→ **Problem**
Only the line containing "State Bank Of" and those after it, up to the end of the records below, are to be set down, exactly as written.

(Crawled caption data)
= = = =

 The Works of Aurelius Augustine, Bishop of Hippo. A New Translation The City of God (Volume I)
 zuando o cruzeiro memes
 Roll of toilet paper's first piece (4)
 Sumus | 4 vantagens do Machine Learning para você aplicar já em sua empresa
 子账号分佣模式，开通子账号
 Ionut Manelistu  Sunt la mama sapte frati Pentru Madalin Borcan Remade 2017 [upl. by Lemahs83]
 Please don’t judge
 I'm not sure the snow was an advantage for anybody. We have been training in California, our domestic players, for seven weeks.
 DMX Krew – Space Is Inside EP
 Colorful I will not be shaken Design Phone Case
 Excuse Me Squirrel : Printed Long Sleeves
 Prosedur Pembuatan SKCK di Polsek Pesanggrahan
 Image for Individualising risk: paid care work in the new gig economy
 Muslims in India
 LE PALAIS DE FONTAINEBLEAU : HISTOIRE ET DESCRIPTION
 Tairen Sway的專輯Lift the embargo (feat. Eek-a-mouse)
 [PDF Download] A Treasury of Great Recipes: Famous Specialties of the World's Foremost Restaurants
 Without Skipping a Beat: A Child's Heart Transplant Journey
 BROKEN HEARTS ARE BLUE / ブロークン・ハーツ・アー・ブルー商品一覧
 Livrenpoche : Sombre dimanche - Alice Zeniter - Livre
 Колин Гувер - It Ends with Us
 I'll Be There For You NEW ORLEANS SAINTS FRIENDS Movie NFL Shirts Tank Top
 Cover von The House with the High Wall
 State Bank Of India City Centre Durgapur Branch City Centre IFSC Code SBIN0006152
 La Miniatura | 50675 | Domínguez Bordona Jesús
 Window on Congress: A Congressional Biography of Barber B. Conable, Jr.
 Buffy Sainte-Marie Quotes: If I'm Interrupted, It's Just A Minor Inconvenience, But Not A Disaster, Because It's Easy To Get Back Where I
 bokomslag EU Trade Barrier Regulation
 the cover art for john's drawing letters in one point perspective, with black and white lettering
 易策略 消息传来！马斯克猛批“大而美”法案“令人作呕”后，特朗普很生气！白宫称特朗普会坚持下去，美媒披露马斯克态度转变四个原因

= = = =

→ **Output below**
 State Bank Of India City Centre Durgapur Branch City Centre IFSC Code SBIN0006152
 La Miniatura | 50675 | Domínguez Bordona Jesús
 Window on Congress: A Congressional Biography of Barber B. Conable, Jr.
 Buffy Sainte-Marie Quotes: If I'm Interrupted, It's Just A Minor Inconvenience, But Not A Disaster, Because It's Easy To Get Back Where I
 bokomslag EU Trade Barrier Regulation
 the cover art for john's drawing letters in one point perspective, with black and white lettering
 易策略 消息传来！马斯克猛批“大而美”法案“令人作呕”后，特朗普很生气！白宫称特朗普会坚持下去，美媒披露马斯克态度转变四个原因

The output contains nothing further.